Discover Adobe Experience Manager Instances on The Internet

My own FT 897 radio rig

Knowing that someone uses a specific software can be used against the user. Sometimes, an attacker has to use sophisticated techniques to guess which software is behind the initial website. These could be 404 requests or some malformed queries to get the detailed stack trace or specific page organisation. It turns out, the number of requests required for detecting AEM equals 1. In this blog post, I will leverage that fact. Here, I present a technique for discovering Adobe Experience Manager using a regular, random web crawler.

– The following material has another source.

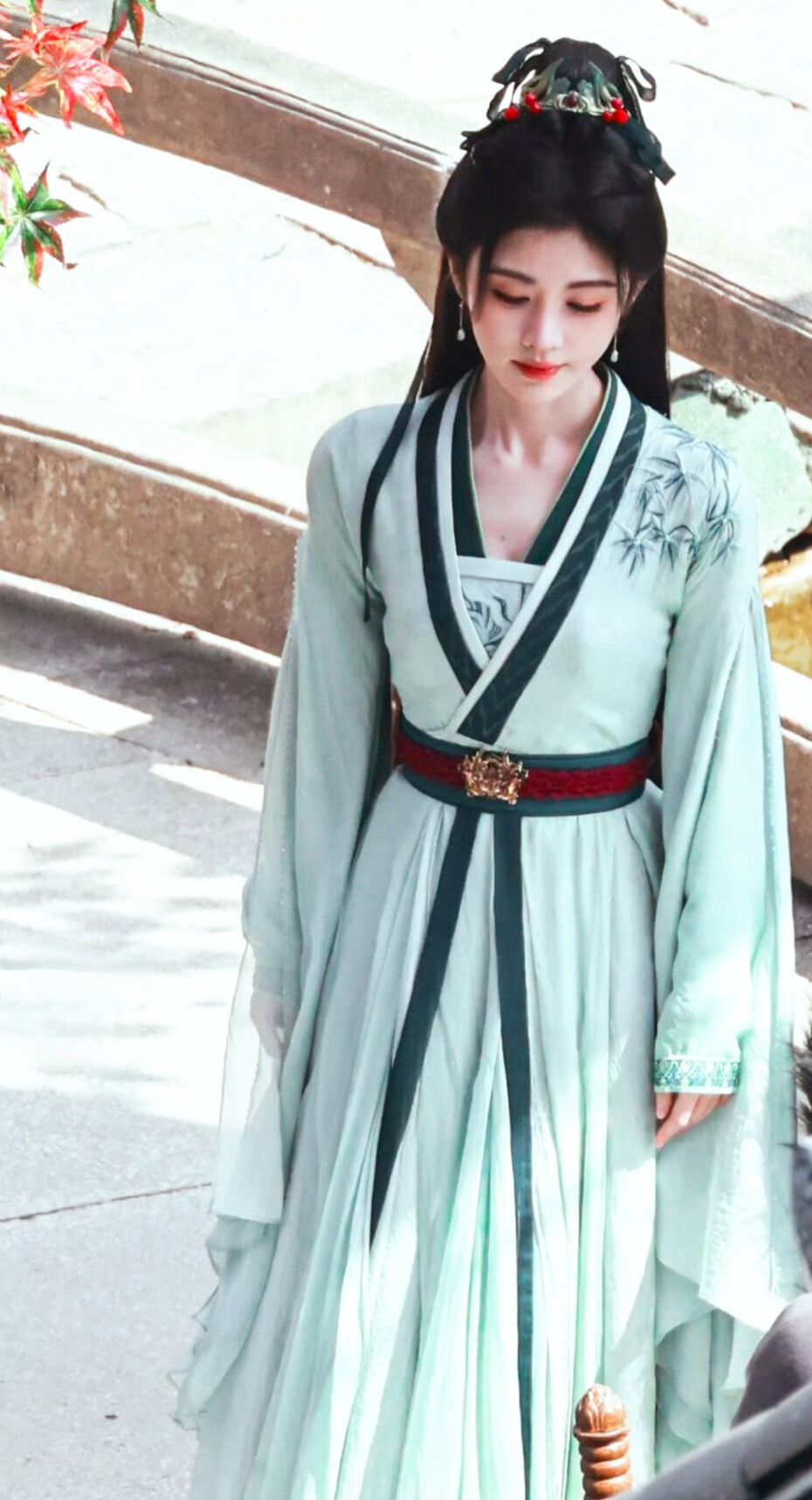 鞠婧祎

Adobe Experience Manager Recognised Easily

AEM is a specific CMS that uses strong path organisation - including how assets, pages, and scripts are stored. In very default configuration, all pages are stored under /content..., scripts /etc.clientlibs (/etc/designs... for older versions) and assets /content/dam. Leveraging this fact, I am considering finding out which websites use this CMS available on the public Internet.

Value of Information

How can this knowledge be used? Organisations that use AEM have high credibility, visibility, and wealth. Instances are not covering the organisation’s core activity but informative websites. Even then, disruptions, like increasing the page load time, may take part in a multi-dimensional operation against the target. If the attacker knows the target is AEM upfront, it’s certainly easier to prepare a set of attacks for the website. If this is extremely easy to find out, the attacker can pick the target based on that fact.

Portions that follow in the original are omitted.